Sometimes it can be difficult to separate Justin’s professional and personal lives, as his research reflects his personal interests. Justin has always been a big baseball fan, and his doctoral dissertation is on baseball’s role in US-Cuba diplomacy. On the weekends and during the semester breaks, almost all in his social circle are co-workers. Sometimes this kind of overlap can make it feel like he is never “off the clock,” but Justin believes that’s the nature of an academic life and he thinks that it makes the work that he does much more enjoyable.

For Justin the FA means support and empowerment. When he came to SCCC, the faculty were coming to the end of the two-year salary freeze that the members voted to support in order to protect faculty jobs from being cut. It wasn’t lost on him that without that sacrifice, the position that he arrived to fill may not have existed. Justin was immediately impressed with the New Member Mentor Program. Always having someone that he could go to with questions that first year was comforting.

The FA has also extended a lot of professional opportunities to him, including most recently the chance to work with the new Conflict Mediation Program and to receive intensive training from an expert in negotiation, arbitration and conflict resolution. Justin believes that the FA is so good because of the people in the FA. He’s very appreciative of how much they’ve done for him.

For the future Justin is very excited to be expanding the program at the Eastern Campus by adding the Liberal Arts and Sciences: Social Sciences degree, which includes a history emphasis option. He is hopeful that this will allow the college to better identify and advise our students who want to be history majors and he’s eager to share his own experiences in the field with those students. Justin teaches one history course per semester for the honors program, and this semester he’s teaching an honors version of the Foundations of American History (HIS103) course for the first time. Justin is also filling in as honors coordinator while Adam Penna is on sabbatical.

With his own academic background and research, Justin would someday like to develop and teach a course on American foreign policy and international relations. He’s also interested in creating a course, likely a special topics offering, on baseball and American history.
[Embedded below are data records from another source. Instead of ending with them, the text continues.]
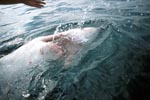 Der Große Weiße Hai auf dem Ruecken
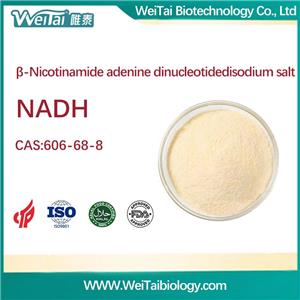 β-Nicotinamide adenine dinucleotide( NADH)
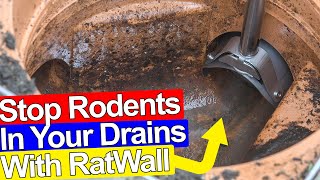 STOP RATS GETTING IN YOUR DRAINS AND HOUSE  Ratwall [upl. by Naitsirc]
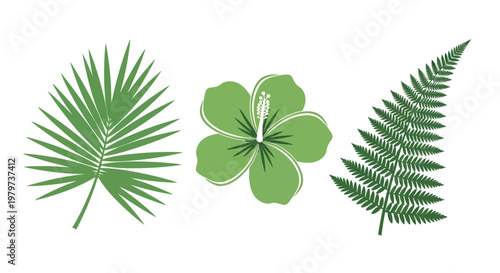 Tropical leaves palm fern clover green.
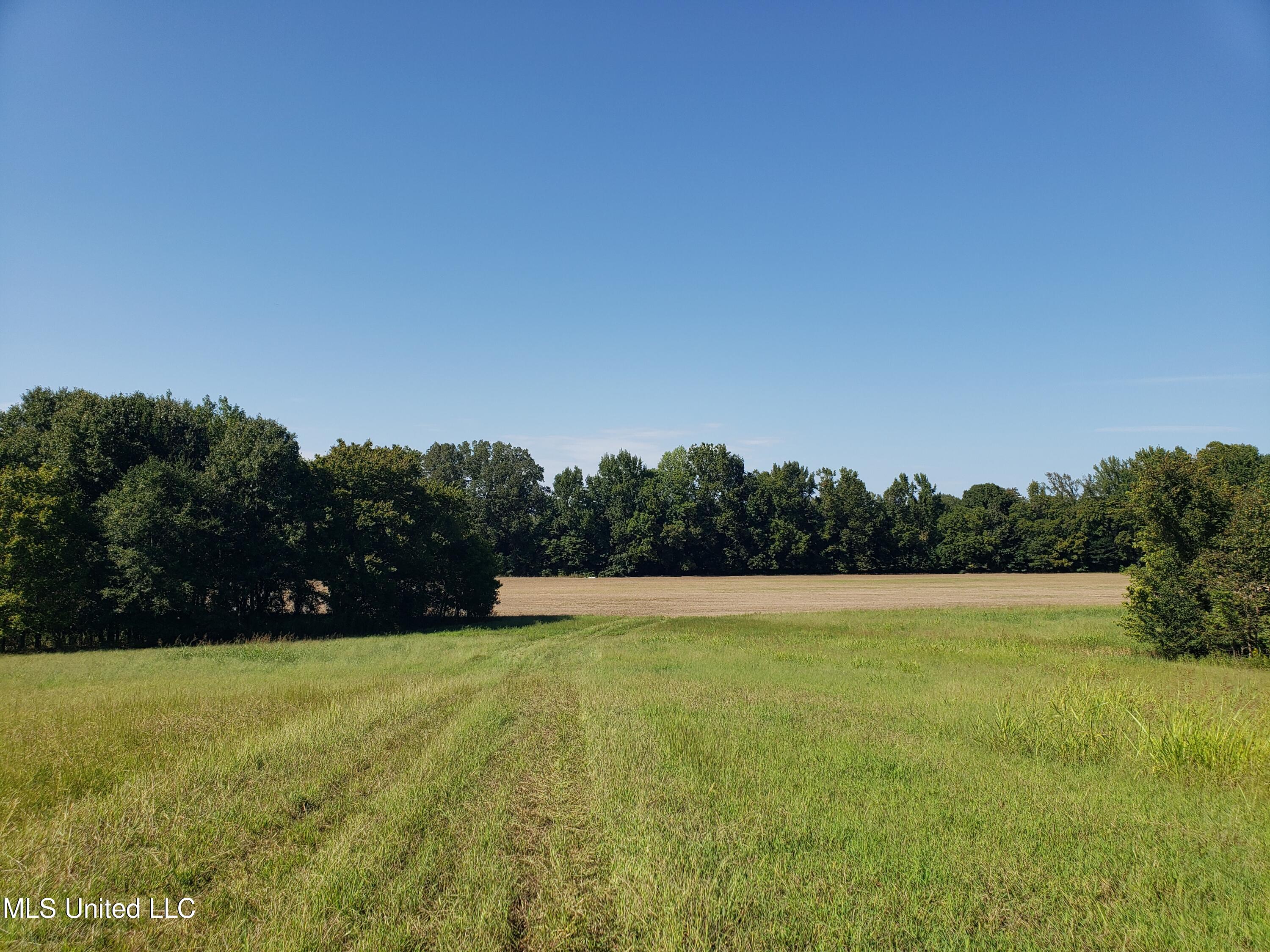 Byhalia Road, Hernando, Mississippi image 2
Justin feels that a lot of the major themes in modern American history can be studied through baseball, such as how industrialization and urbanization gave rise to professional teams and organized leagues; how American foreign policy, particularly in the western hemisphere, helped to grow baseball’s appeal in the Caribbean; and how Jim Crow and racism led to segregation and baseball’s color barrier.

As Yogi Berra once observed, baseball is ninety percent mental and the other half is physical; Justin Turner’s knowledge and enthusiasm for teaching will surely correct this equation for SCCC.